■ **EXERCISE AIM**
Print the records below exactly; all of them are needed.

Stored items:

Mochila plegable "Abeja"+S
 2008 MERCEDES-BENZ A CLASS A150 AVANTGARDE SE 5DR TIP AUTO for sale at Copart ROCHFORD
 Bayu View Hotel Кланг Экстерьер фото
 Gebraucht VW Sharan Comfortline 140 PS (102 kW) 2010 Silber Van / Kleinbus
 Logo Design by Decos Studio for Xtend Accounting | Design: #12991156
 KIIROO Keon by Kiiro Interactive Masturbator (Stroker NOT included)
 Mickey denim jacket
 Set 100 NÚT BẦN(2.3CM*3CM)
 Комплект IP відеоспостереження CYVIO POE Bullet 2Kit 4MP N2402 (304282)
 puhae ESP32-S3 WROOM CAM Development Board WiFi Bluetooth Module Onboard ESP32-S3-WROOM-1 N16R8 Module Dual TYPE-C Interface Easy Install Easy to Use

■ **SOLUTION TO THIS TASK**
Mochila plegable "Abeja"+S
 2008 MERCEDES-BENZ A CLASS A150 AVANTGARDE SE 5DR TIP AUTO for sale at Copart ROCHFORD
 Bayu View Hotel Кланг Экстерьер фото
 Gebraucht VW Sharan Comfortline 140 PS (102 kW) 2010 Silber Van / Kleinbus
 Logo Design by Decos Studio for Xtend Accounting | Design: #12991156
 KIIROO Keon by Kiiro Interactive Masturbator (Stroker NOT included)
 Mickey denim jacket
 Set 100 NÚT BẦN(2.3CM*3CM)
 Комплект IP відеоспостереження CYVIO POE Bullet 2Kit 4MP N2402 (304282)
 puhae ESP32-S3 WROOM CAM Development Board WiFi Bluetooth Module Onboard ESP32-S3-WROOM-1 N16R8 Module Dual TYPE-C Interface Easy Install Easy to Use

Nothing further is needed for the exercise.